The Antillean manatee found in Belize is listed as an endangered species with approximately one thousand of these mammals existing in the country. There have been several reports of manatees dying in boat collisions. In light of this, several efforts have been made to save this endangered species. Today, there was a manatee conservation workshop held for Tour Guides and Boat Captains. Love news spoke with Eloim Ellis, the Vice President of Friends of Swallow Caye, who said the workshop is being held to create awareness.
Eloim Ellis – Vice President of Friends of Swallow Caye: “This workshop today is being held to create awareness for tour guides and boat captains in Belize. We are trying to create awareness about the importance of manatees in Belize, pretty much that is what we are doing here today. Recently more and more incidents have been occurring in Belize where we have noticed that the manatees are dying because they have been grazed, for example by the boats, so this workshop is to actually create awareness so that captains and guides are aware of currently what is happening in Belize. What we do know is that we have a population of about one thousand manatees in Belize. We want to ensure that these manatees are safe for the environment in which they play a very important role, also for the tourism sector because people visiting Belize are always interested in seeing these animals. It is very important to preserve them, to secure them, to ensure that we can continue to have them, not just for now but for future generations. They are also very important to our environment, to our ecosystem.”

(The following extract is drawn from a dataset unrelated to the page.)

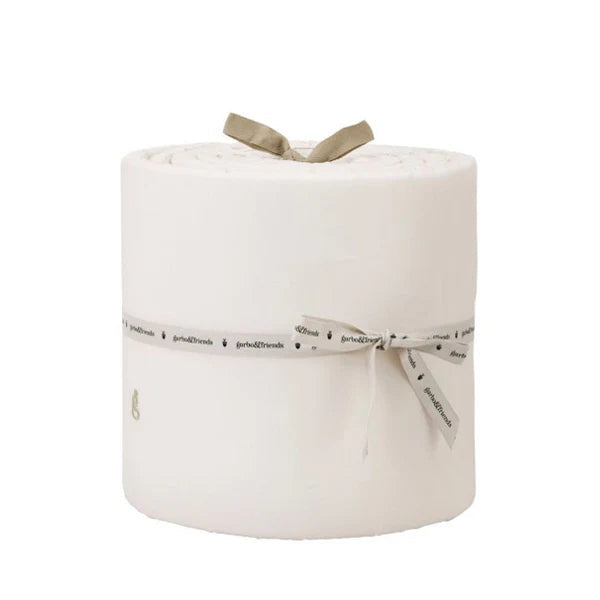 Buitenkansje: Ivory Bumper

Jamal Galves said that this workshop is being conducted in critical areas including Belize City, San Pedro, Caye Caulker, and Placencia due to the incident with manatee which have occurred in those areas.
Jamal Galves – the Program Coordinator of CLEARWATER: “Manatees are protected under the Wildlife Act which is a very broad act, a broad legislation. I think it needs to be more specific, especially when you are dealing with endangered species such as the Antilia Manatee. I don’t feel that the current law provides the protection that is necessary for this animal to be protected hence the reason why it is still endangered today and it is very difficult for us to actually progress in making this species come off the endangered list because the legislation is very poor. It is not even close to what it needs to be to safeguard a species such as this one, however we try our best to work around what is there and we continue to lobby the government, we continue to seek assistance in the form of legislation to better protect the species because we can’t protect the species if there isn’t some legislation that would allow us to act within a certain way to ensure that we can do the things that we need to do to ensure that this animal’s survival in Belize is continued for decades to come.”
The workshop was hosted by Friends of Swallow Caye, in collaboration with CLEARWATER Marine Aquarium Research Institute, and it was held at Belize Coastal Zone Management Authority’s training room.